WHAT TO DO: The whole listing below should be output again, word for word.

DATA SHOWN:

= Beginning of Section =

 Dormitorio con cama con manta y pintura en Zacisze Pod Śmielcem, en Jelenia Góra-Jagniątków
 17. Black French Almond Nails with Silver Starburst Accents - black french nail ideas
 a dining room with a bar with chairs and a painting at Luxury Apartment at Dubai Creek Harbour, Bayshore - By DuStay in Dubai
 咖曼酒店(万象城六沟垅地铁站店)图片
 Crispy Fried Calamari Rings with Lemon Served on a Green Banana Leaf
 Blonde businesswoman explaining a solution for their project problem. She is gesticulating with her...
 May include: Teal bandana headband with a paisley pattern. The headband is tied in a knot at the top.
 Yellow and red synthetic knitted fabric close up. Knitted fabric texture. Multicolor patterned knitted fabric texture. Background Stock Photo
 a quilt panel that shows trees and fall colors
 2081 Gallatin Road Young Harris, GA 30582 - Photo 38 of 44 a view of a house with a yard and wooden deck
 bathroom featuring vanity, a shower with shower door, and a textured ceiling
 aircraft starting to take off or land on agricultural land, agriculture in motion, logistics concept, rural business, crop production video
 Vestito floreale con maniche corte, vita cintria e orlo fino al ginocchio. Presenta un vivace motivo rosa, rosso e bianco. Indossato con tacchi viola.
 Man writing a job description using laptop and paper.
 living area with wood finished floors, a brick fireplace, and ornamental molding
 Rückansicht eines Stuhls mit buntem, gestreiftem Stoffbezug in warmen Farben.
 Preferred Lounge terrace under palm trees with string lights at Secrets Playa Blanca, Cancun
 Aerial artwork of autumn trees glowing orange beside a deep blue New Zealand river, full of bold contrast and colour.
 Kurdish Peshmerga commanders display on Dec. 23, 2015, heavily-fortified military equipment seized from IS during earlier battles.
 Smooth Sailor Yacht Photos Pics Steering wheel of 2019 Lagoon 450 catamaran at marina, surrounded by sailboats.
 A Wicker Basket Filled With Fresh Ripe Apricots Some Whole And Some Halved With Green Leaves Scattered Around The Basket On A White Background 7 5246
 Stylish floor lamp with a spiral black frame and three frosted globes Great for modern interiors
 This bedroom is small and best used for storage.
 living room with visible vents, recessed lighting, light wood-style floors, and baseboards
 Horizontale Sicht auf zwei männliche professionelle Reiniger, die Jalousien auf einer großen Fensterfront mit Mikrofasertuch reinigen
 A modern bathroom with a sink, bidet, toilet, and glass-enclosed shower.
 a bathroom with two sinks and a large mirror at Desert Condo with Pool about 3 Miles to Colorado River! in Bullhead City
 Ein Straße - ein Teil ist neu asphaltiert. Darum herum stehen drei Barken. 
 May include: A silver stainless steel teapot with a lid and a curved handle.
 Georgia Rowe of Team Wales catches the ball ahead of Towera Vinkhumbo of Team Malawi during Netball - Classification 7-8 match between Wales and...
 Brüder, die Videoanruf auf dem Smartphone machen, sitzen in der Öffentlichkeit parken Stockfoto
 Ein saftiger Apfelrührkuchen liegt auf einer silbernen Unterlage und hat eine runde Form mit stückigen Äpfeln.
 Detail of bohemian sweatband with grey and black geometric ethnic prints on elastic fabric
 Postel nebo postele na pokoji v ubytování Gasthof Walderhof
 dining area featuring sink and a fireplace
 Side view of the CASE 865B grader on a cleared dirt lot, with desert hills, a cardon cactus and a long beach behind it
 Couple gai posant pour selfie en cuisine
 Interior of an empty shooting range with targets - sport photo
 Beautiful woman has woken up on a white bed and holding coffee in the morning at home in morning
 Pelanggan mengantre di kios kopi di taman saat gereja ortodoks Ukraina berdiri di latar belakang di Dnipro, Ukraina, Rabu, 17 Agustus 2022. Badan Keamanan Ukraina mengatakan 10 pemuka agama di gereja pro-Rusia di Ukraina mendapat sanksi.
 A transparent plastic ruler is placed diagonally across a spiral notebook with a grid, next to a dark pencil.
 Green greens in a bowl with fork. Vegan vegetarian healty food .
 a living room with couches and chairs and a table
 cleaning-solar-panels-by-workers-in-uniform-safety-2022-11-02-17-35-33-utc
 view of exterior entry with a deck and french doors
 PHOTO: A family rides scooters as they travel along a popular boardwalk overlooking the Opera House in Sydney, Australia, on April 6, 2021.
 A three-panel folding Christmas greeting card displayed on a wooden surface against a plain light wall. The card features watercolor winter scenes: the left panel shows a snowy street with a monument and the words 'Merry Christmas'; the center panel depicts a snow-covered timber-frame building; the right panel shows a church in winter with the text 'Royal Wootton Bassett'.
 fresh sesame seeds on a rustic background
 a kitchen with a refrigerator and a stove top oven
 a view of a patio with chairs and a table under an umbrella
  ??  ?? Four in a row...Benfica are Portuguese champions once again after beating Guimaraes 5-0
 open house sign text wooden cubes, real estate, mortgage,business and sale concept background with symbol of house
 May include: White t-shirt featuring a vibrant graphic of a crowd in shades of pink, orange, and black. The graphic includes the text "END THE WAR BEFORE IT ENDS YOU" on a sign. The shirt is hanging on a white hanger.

= End of Section =

TASK RESPONSE:
 Dormitorio con cama con manta y pintura en Zacisze Pod Śmielcem, en Jelenia Góra-Jagniątków
 17. Black French Almond Nails with Silver Starburst Accents - black french nail ideas
 a dining room with a bar with chairs and a painting at Luxury Apartment at Dubai Creek Harbour, Bayshore - By DuStay in Dubai
 咖曼酒店(万象城六沟垅地铁站店)图片
 Crispy Fried Calamari Rings with Lemon Served on a Green Banana Leaf
 Blonde businesswoman explaining a solution for their project problem. She is gesticulating with her...
 May include: Teal bandana headband with a paisley pattern. The headband is tied in a knot at the top.
 Yellow and red synthetic knitted fabric close up. Knitted fabric texture. Multicolor patterned knitted fabric texture. Background Stock Photo
 a quilt panel that shows trees and fall colors
 2081 Gallatin Road Young Harris, GA 30582 - Photo 38 of 44 a view of a house with a yard and wooden deck
 bathroom featuring vanity, a shower with shower door, and a textured ceiling
 aircraft starting to take off or land on agricultural land, agriculture in motion, logistics concept, rural business, crop production video
 Vestito floreale con maniche corte, vita cintria e orlo fino al ginocchio. Presenta un vivace motivo rosa, rosso e bianco. Indossato con tacchi viola.
 Man writing a job description using laptop and paper.
 living area with wood finished floors, a brick fireplace, and ornamental molding
 Rückansicht eines Stuhls mit buntem, gestreiftem Stoffbezug in warmen Farben.
 Preferred Lounge terrace under palm trees with string lights at Secrets Playa Blanca, Cancun
 Aerial artwork of autumn trees glowing orange beside a deep blue New Zealand river, full of bold contrast and colour.
 Kurdish Peshmerga commanders display on Dec. 23, 2015, heavily-fortified military equipment seized from IS during earlier battles.
 Smooth Sailor Yacht Photos Pics Steering wheel of 2019 Lagoon 450 catamaran at marina, surrounded by sailboats.
 A Wicker Basket Filled With Fresh Ripe Apricots Some Whole And Some Halved With Green Leaves Scattered Around The Basket On A White Background 7 5246
 Stylish floor lamp with a spiral black frame and three frosted globes Great for modern interiors
 This bedroom is small and best used for storage.
 living room with visible vents, recessed lighting, light wood-style floors, and baseboards
 Horizontale Sicht auf zwei männliche professionelle Reiniger, die Jalousien auf einer großen Fensterfront mit Mikrofasertuch reinigen
 A modern bathroom with a sink, bidet, toilet, and glass-enclosed shower.
 a bathroom with two sinks and a large mirror at Desert Condo with Pool about 3 Miles to Colorado River! in Bullhead City
 Ein Straße - ein Teil ist neu asphaltiert. Darum herum stehen drei Barken. 
 May include: A silver stainless steel teapot with a lid and a curved handle.
 Georgia Rowe of Team Wales catches the ball ahead of Towera Vinkhumbo of Team Malawi during Netball - Classification 7-8 match between Wales and...
 Brüder, die Videoanruf auf dem Smartphone machen, sitzen in der Öffentlichkeit parken Stockfoto
 Ein saftiger Apfelrührkuchen liegt auf einer silbernen Unterlage und hat eine runde Form mit stückigen Äpfeln.
 Detail of bohemian sweatband with grey and black geometric ethnic prints on elastic fabric
 Postel nebo postele na pokoji v ubytování Gasthof Walderhof
 dining area featuring sink and a fireplace
 Side view of the CASE 865B grader on a cleared dirt lot, with desert hills, a cardon cactus and a long beach behind it
 Couple gai posant pour selfie en cuisine
 Interior of an empty shooting range with targets - sport photo
 Beautiful woman has woken up on a white bed and holding coffee in the morning at home in morning
 Pelanggan mengantre di kios kopi di taman saat gereja ortodoks Ukraina berdiri di latar belakang di Dnipro, Ukraina, Rabu, 17 Agustus 2022. Badan Keamanan Ukraina mengatakan 10 pemuka agama di gereja pro-Rusia di Ukraina mendapat sanksi.
 A transparent plastic ruler is placed diagonally across a spiral notebook with a grid, next to a dark pencil.
 Green greens in a bowl with fork. Vegan vegetarian healty food .
 a living room with couches and chairs and a table
 cleaning-solar-panels-by-workers-in-uniform-safety-2022-11-02-17-35-33-utc
 view of exterior entry with a deck and french doors
 PHOTO: A family rides scooters as they travel along a popular boardwalk overlooking the Opera House in Sydney, Australia, on April 6, 2021.
 A three-panel folding Christmas greeting card displayed on a wooden surface against a plain light wall. The card features watercolor winter scenes: the left panel shows a snowy street with a monument and the words 'Merry Christmas'; the center panel depicts a snow-covered timber-frame building; the right panel shows a church in winter with the text 'Royal Wootton Bassett'.
 fresh sesame seeds on a rustic background
 a kitchen with a refrigerator and a stove top oven
 a view of a patio with chairs and a table under an umbrella
  ??  ?? Four in a row...Benfica are Portuguese champions once again after beating Guimaraes 5-0
 open house sign text wooden cubes, real estate, mortgage,business and sale concept background with symbol of house
 May include: White t-shirt featuring a vibrant graphic of a crowd in shades of pink, orange, and black. The graphic includes the text "END THE WAR BEFORE IT ENDS YOU" on a sign. The shirt is hanging on a white hanger.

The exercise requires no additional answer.